Steps to identify affected devices
If you are using Windows Intune to manage iOS devices it is important to determine which devices are still running a version of iOS less than 7.0 and upgrade those devices. If the device does not support iOS 7.0 or higher or is not upgraded then manual action must be taken in order to continue managing the device.

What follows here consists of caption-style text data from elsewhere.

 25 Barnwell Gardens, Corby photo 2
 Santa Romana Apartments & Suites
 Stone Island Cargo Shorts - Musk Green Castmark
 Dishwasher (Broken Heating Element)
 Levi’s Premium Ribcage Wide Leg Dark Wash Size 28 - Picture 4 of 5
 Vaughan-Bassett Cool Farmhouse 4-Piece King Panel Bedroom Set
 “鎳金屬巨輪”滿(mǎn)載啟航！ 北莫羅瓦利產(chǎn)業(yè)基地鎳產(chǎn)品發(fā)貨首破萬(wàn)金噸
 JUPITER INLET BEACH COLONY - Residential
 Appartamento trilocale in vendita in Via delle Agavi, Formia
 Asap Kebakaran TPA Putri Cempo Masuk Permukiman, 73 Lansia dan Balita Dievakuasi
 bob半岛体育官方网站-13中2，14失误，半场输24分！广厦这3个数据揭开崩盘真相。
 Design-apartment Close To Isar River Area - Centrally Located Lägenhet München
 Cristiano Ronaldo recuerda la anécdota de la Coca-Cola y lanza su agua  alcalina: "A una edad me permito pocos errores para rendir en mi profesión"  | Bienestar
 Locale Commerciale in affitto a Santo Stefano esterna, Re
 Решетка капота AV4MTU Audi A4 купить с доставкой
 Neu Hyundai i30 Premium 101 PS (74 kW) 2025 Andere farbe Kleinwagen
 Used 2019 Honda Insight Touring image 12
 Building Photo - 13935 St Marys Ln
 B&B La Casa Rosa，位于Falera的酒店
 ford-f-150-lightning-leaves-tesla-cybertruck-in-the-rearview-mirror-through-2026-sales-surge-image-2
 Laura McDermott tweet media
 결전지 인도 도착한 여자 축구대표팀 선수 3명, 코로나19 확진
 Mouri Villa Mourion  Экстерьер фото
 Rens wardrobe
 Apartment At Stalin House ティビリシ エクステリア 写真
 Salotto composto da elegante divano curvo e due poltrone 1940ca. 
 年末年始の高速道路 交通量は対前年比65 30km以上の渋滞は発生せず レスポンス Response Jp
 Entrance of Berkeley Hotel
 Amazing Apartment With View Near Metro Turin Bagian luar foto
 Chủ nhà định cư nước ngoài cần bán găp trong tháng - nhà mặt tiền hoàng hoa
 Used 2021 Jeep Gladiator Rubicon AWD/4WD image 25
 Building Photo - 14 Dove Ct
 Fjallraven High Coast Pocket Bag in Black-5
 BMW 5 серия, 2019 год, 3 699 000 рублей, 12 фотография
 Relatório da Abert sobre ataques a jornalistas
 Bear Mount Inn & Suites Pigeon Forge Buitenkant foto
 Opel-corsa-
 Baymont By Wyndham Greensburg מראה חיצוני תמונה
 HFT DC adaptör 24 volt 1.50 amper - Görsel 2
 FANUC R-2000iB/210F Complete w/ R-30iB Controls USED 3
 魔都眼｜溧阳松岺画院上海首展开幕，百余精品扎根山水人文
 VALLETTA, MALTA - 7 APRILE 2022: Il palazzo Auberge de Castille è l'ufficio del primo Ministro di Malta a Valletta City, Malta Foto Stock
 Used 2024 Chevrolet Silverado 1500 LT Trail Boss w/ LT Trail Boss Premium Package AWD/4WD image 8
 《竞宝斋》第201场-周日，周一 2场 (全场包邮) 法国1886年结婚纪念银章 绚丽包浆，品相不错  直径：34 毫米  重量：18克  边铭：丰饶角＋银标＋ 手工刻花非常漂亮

For either implementation Windows Intune Cloud Only or Windows Intune integrated with System Center 2012 R2 Configuration Manager, the remediation goal is the same but the steps are different.
For Windows Intune only –
- Identify properties for managed devices
- Navigate to “All Devices”
- Review the Device Type and Operating System field
![]()
- Determine the deadline for management renewal
- Highlight a device running an operating system less than iOS 7.0, select “View properties”
- If the enrollment date is almost one year ago, then this device is at risk
For Windows Intune integrated with System Center 2012 R2 Configuration Manager -
- Identify properties for managed devices:
- Navigate to Assets and Compliance -> Overview -> Devices
- In details all column for “Operating System”
- Review Device Type and Operating System fields
![]()
- Determine the deadline for management renewal
- Right click the Device. Navigate to Start - > Resource Explorer. It will pop up a dialog
- Navigate to Device -> Hardware -> Device Information
- Based on CertExpiry you can decide if the device cert is about to expire
![]()
- For all iPhone 3gs and iPad 1 devices
- Manually remove the device from management.
- Perform a new enrollment. Instructions can be found here.
- For all other iOS devices: Update the device to iOS 7.0 or higher before the management renewal deadline
Additional information
- What happens if the Management profile expires? Answer– The device will stop contacting the service and fall out of management. The device will need to be manually enrolled again.
- How often will Microsoft revise certificates for signing? Answer - For security reasons, Microsoft uses signing certificates issued with a two-year expiration. However, we may revise signing certificates as needed for security or architectural reasons.